Who Listens To Audiobooks?

I was in my early twenties when I first started listening to audiobooks, and I found it interesting to imagine how I might seem to others around me.

I had no car at the time, so I found it very convenient to listen to audiobooks as I walked through the city on my way from one place to the next.

And for some reason I never used headphones. Maybe it was a concern for safety … I don’t remember for sure. I was the nerdier version of that sort of person you might encounter today listening to music as he wheels his way down the sidewalk.

I would nestle my smartphone on top of my shoulder, under my shirt, where it was reasonably secure against falling to the ground and also close enough to my ear that I wouldn’t miss a phrase when an obnoxiously loud vehicle roared past.

And thus I walked through the city, a disembodied voice speaking from my shoulder like a well-educated little parrot.

I was listening to history, to philosophy, to economics, to fiction, to essays. But someone who cycled past me on the sidewalk, who heard not the content but just the sound of an audiobook, might be forced to supply the content in the form of a guess.

What could they guess? What sort of person striding down the street would care so much about a body of texts, and what would that person listen to? There were a few possible answers to the question that I could think of.

1. The Fundamentalist. Maybe they figured I was someone very religious, listening to revivalist preachers, sermons about hellfire, about the righteous and the wicked.

2. The Marxist. Or maybe they wondered if I was someone being brainwashed into the thinking of communism, learning to use terms like alienation and bourgeois and wage-slavery.

3. The Esotericist. Or maybe they thought I was someone who believed there was cosmic wisdom to be found in crystals and Eastern scriptures, learning to tap the energies of the universe through my oneness with the way of non-violence.

And maybe I was wrong in those guesses.

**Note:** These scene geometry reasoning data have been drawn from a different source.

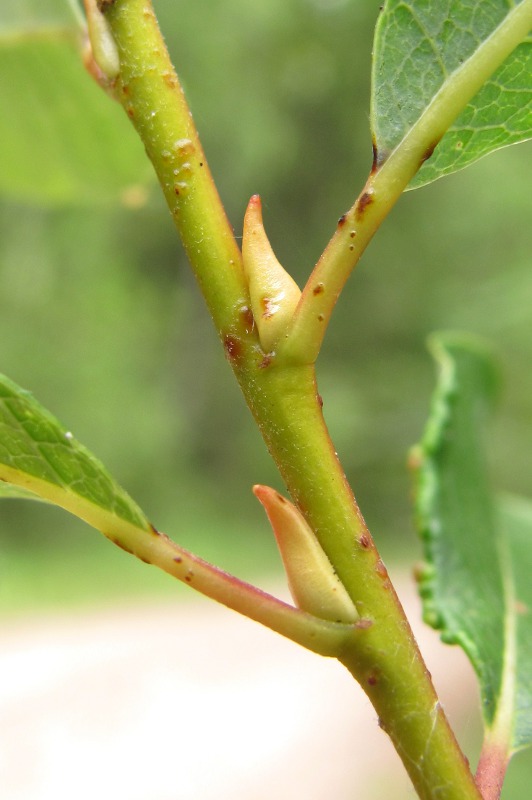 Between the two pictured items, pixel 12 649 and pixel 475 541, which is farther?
pixel 12 649

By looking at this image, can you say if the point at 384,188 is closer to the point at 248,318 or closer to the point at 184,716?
the point at 248,318

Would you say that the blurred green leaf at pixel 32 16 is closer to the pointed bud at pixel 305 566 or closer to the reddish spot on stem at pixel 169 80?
the reddish spot on stem at pixel 169 80

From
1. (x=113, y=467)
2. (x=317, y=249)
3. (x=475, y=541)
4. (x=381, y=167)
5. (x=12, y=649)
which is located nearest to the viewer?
(x=381, y=167)

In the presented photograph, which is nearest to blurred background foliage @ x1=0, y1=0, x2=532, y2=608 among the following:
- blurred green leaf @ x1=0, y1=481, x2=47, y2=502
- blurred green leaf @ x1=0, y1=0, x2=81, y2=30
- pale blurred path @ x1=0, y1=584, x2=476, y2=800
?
pale blurred path @ x1=0, y1=584, x2=476, y2=800

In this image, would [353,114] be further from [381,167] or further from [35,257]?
[381,167]

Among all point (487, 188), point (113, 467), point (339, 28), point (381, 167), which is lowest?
point (381, 167)

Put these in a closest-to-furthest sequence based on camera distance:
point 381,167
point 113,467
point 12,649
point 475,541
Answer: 1. point 381,167
2. point 475,541
3. point 12,649
4. point 113,467

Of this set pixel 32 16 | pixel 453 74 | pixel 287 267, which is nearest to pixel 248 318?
pixel 453 74

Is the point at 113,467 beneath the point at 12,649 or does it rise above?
above

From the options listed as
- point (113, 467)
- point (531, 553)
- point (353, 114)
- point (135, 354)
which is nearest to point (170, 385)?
point (135, 354) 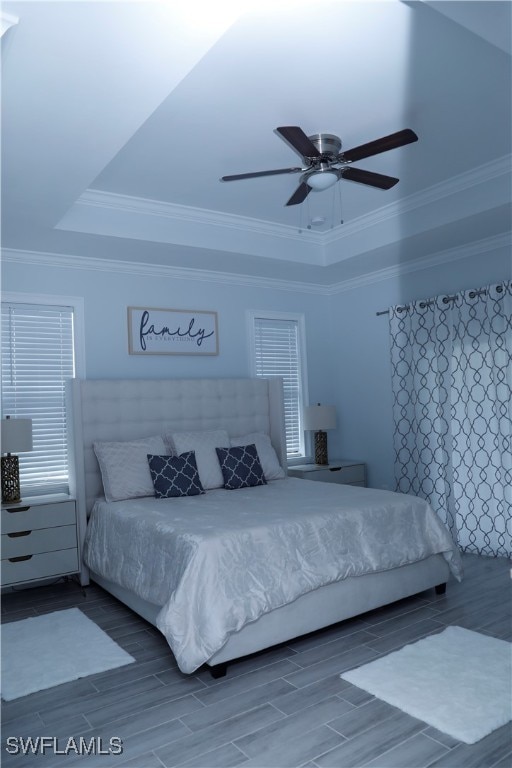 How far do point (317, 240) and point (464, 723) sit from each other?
4067mm

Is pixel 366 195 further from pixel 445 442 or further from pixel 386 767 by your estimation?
pixel 386 767

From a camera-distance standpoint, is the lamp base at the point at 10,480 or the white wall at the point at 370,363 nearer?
the lamp base at the point at 10,480

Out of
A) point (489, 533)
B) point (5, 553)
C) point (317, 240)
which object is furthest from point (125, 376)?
point (489, 533)

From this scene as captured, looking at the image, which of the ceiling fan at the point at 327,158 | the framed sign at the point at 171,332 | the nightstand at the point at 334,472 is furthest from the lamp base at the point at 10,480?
the ceiling fan at the point at 327,158

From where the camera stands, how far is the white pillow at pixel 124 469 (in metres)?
4.20

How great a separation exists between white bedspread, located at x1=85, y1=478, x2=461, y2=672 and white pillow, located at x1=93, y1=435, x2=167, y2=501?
4.3 inches

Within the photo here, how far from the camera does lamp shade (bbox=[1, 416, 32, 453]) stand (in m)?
3.93

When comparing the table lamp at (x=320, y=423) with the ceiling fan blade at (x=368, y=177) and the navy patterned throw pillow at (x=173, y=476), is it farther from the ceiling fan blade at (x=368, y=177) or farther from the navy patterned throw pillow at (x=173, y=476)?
the ceiling fan blade at (x=368, y=177)

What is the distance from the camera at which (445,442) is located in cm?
497

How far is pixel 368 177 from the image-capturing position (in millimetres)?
3141

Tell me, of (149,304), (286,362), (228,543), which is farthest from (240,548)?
(286,362)

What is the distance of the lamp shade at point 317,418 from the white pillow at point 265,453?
0.60 m

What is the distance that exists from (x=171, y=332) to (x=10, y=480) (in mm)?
1857

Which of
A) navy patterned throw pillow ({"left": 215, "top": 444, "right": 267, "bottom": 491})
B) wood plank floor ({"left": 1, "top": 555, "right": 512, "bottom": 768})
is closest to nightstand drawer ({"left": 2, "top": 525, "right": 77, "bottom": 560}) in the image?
wood plank floor ({"left": 1, "top": 555, "right": 512, "bottom": 768}) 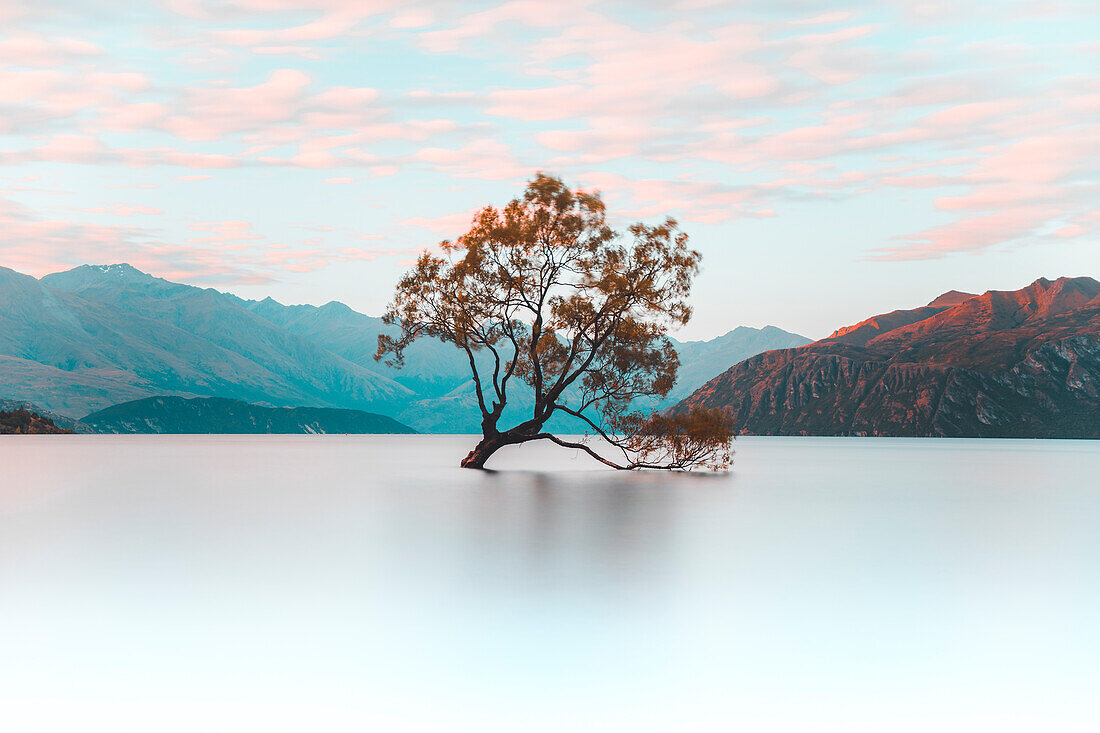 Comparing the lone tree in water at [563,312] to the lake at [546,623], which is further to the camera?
the lone tree in water at [563,312]

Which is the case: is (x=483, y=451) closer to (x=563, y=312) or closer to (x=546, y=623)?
(x=563, y=312)

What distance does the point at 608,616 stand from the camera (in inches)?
559

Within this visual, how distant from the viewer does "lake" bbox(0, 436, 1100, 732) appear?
991 cm

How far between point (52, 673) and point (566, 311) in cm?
4211

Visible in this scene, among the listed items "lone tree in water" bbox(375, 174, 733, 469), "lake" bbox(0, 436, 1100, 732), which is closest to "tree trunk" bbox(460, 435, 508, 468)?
"lone tree in water" bbox(375, 174, 733, 469)

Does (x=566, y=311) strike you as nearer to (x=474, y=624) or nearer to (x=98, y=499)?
(x=98, y=499)

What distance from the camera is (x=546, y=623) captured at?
13750mm

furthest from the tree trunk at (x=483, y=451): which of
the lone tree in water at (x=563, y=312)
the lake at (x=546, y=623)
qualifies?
the lake at (x=546, y=623)

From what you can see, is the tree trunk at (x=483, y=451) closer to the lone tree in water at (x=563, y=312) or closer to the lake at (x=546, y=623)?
the lone tree in water at (x=563, y=312)

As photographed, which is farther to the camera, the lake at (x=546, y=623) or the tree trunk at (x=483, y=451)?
the tree trunk at (x=483, y=451)

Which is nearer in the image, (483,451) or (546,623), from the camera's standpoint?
(546,623)

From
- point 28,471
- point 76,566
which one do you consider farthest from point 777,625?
point 28,471

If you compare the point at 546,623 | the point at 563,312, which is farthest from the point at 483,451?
the point at 546,623

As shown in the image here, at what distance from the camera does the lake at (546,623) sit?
991 cm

Maybe they thought I was listening to something else entirely. I feel pretty sure, though, that not many could have guessed my real purpose.

I was setting out on the Arnoldian quest to find the best that has been thought and said. I was seeking to remake my mind. I wanted to be able to understand the thoughts of the brightest and wisest minds in the world, in all of history.

A big goal, I know. It’s a long path, which few of us will ever get anywhere close to completing, but it’s no less worth the walking. We’ll certainly never finish if we don’t get it started.